Big Trouble in Little China is like every genre mixed together in one weird package. If there’s any 80’s action movie that always left me puzzled it was this. Yet I never made the leap to watch it at any point when I was younger. Until its cult status grew. John Carpenter puts his signature stamp on Big Trouble in Little China with unpredictable action, creative music, and the always cool Kurt Russell. Influencing plenty of media in the process. Though its initial failure left Carpenter disillusioned.
Russell is chatty truck driving San Francisco outsider Jack Burton. The guy that seems like the lead, but he’s only in it for his truck. Yet Jack is still willing to help his friend Wang Chi through the increasingly weird underbelly of Chinatown. One that hides ancient Chinese mysticism, setting off a crazy action/adventure packed with absurd comedy, exciting kung fu battles, unexpectedly fearsome monsters, and one bizzare ghost story. Big Trouble in Little China is the kind of 80’s flick that asks you to accept the world you’re in no matter how strange it gets.

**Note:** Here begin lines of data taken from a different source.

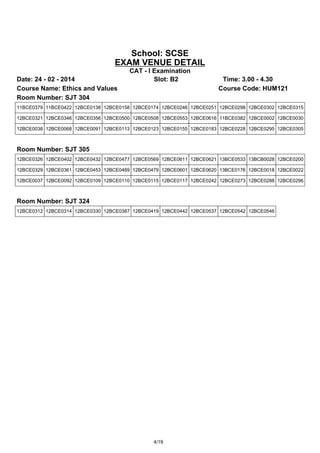 School: SCSE
EXAM VENUE DETAIL
Date: 24 - 02 - 2014
Course Name: Ethics and Values
Room Number: SJT 304

CAT - I Examination
Slot: B2

Time: 3.00 - 4.30
Course Code: HUM121

11BCE0379 11BCE0422 12BCE0138 12BCE0158 12BCE0174 12BCE0246 12BCE0251 12BCE0298 12BCE0302 12BCE0315
12BCE0321 12BCE0346 12BCE0356 12BCE0500 12BCE0508 12BCE0553 12BCE0616 11BCE0382 12BCE0002 12BCE0030
12BCE0038 12BCE0068 12BCE0091 12BCE0113 12BCE0123 12BCE0155 12BCE0183 12BCE0228 12BCE0295 12BCE0305

Room Number: SJT 305
12BCE0326 12BCE0402 12BCE0432 12BCE0477 12BCE0569 12BCE0611 12BCE0621 13BCE0533 13BCB0028 12BCE0200
12BCE0329 12BCE0361 12BCE0453 12BCE0469 12BCE0479 12BCE0601 12BCE0620 13BCE0176 12BCE0018 12BCE0022
12BCE0037 12BCE0092 12BCE0109 12BCE0110 12BCE0115 12BCE0117 12BCE0242 12BCE0273 12BCE0288 12BCE0296

Room Number: SJT 324
12BCE0312 12BCE0314 12BCE0330 12BCE0387 12BCE0419 12BCE0442 12BCE0537 12BCE0542 12BCE0546

4/19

Jack and Wang search for Wang’s green eyed fiance Miao Yin when she’s kidnapped by a dangerous street gang. Then things get complicated when magic is introduced in the form of three lightning throwing warriors with giant straw hats. James Hong effectively plays Lo Pan, an evil Fu Manchu-like sorcerer with plans for using a green eyed girl to make himself mortal. Jack and Wang team up with equally green eyed Gracie Law played by Kim Cattrall. Together with friend Eddie, reporter Margo, and mystic bus driver Egg, they make a daring rescue. Monsters float around, people explode, and Jack bumbles his way to victory. Big Trouble in Little China is B movie fun that can last for generations.